Featured image of post Why does WebSocket require frontend heartbeat detection, and is there a native detection mechanism?

Why does WebSocket require frontend heartbeat detection, and is there a native detection mechanism?

In the software industry, there is a famous book called “The Mythical Man-Month,” which includes a discussion that there is “no silver bullet.”

In web applications, WebSocket is a very common technology. A WebSocket connection can be established simply by using the WebSocket constructor in the browser. However, when it’s applied to specific projects, heartbeat detection is almost always implemented.

The purpose of setting up heartbeat detection is twofold: first, to confirm that both parties in the communication are still active, and second, to allow the browser side to promptly check the availability of the current network connection, ensuring the timeliness of message delivery.

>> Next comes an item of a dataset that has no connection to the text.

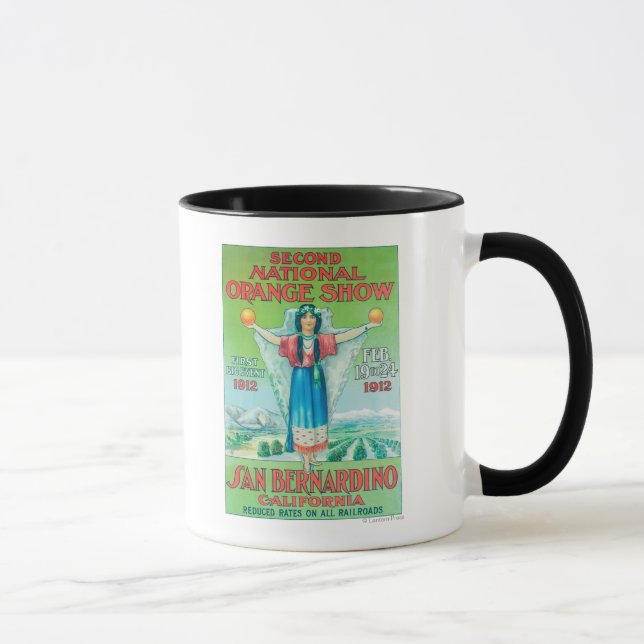 Mug Poster National Orange Show #4 (Droite)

You might think, is WebSocket so basic that it can’t determine its connection status? Before understanding this further, let’s first review some computer network knowledge.

The four-layer structure of the TCP/IP protocol suite:

  • Application Layer: Determines the activities of communication when providing application services to users. Protocols like HTTP, FTP, and WebSocket operate on this layer.

  • (Transport Control Protocol) TCP layer: Controls the data transmission between two hosts in the network by segmenting application layer data (for example, segmenting a complete HTTP message) and sending it to the application program at a specific port on the target host. It tags each data segment with a source port, target port, and sequence number after segmentation.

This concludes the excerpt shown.